[DATA SUPPLIED — start]

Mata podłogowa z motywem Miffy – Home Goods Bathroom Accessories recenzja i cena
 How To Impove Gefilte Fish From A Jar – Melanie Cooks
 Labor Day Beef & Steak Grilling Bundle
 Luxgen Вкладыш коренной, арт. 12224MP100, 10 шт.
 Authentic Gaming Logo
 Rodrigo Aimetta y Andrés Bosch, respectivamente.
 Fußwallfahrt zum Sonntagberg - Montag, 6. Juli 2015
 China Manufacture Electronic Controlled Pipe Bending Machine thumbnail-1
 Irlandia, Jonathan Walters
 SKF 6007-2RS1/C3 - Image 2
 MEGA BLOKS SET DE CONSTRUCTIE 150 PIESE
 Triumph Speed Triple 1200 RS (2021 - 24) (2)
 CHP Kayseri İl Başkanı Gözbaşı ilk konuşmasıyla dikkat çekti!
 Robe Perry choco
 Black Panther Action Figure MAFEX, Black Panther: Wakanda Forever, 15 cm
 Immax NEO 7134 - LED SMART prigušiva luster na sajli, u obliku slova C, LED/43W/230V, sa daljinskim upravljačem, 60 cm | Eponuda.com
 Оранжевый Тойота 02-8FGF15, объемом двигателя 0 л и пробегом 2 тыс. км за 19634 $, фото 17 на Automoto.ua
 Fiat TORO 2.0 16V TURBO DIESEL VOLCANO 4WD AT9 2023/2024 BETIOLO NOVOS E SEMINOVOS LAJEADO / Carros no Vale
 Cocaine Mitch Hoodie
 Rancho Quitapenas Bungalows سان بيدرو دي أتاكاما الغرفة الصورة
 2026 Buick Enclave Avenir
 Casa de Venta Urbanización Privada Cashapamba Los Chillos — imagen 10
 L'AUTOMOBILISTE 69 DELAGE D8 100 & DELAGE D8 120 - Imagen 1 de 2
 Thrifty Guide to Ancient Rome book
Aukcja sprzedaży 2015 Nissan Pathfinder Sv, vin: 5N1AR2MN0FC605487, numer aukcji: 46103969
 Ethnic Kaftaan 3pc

[DATA SUPPLIED — finish]

PROBLEM STATEMENT:
Please transcribe the entries above exactly as written.

WRITTEN SOLUTION:
Mata podłogowa z motywem Miffy – Home Goods Bathroom Accessories recenzja i cena
 How To Impove Gefilte Fish From A Jar – Melanie Cooks
 Labor Day Beef & Steak Grilling Bundle
 Luxgen Вкладыш коренной, арт. 12224MP100, 10 шт.
 Authentic Gaming Logo
 Rodrigo Aimetta y Andrés Bosch, respectivamente.
 Fußwallfahrt zum Sonntagberg - Montag, 6. Juli 2015
 China Manufacture Electronic Controlled Pipe Bending Machine thumbnail-1
 Irlandia, Jonathan Walters
 SKF 6007-2RS1/C3 - Image 2
 MEGA BLOKS SET DE CONSTRUCTIE 150 PIESE
 Triumph Speed Triple 1200 RS (2021 - 24) (2)
 CHP Kayseri İl Başkanı Gözbaşı ilk konuşmasıyla dikkat çekti!
 Robe Perry choco
 Black Panther Action Figure MAFEX, Black Panther: Wakanda Forever, 15 cm
 Immax NEO 7134 - LED SMART prigušiva luster na sajli, u obliku slova C, LED/43W/230V, sa daljinskim upravljačem, 60 cm | Eponuda.com
 Оранжевый Тойота 02-8FGF15, объемом двигателя 0 л и пробегом 2 тыс. км за 19634 $, фото 17 на Automoto.ua
 Fiat TORO 2.0 16V TURBO DIESEL VOLCANO 4WD AT9 2023/2024 BETIOLO NOVOS E SEMINOVOS LAJEADO / Carros no Vale
 Cocaine Mitch Hoodie
 Rancho Quitapenas Bungalows سان بيدرو دي أتاكاما الغرفة الصورة
 2026 Buick Enclave Avenir
 Casa de Venta Urbanización Privada Cashapamba Los Chillos — imagen 10
 L'AUTOMOBILISTE 69 DELAGE D8 100 & DELAGE D8 120 - Imagen 1 de 2
 Thrifty Guide to Ancient Rome book
Aukcja sprzedaży 2015 Nissan Pathfinder Sv, vin: 5N1AR2MN0FC605487, numer aukcji: 46103969
 Ethnic Kaftaan 3pc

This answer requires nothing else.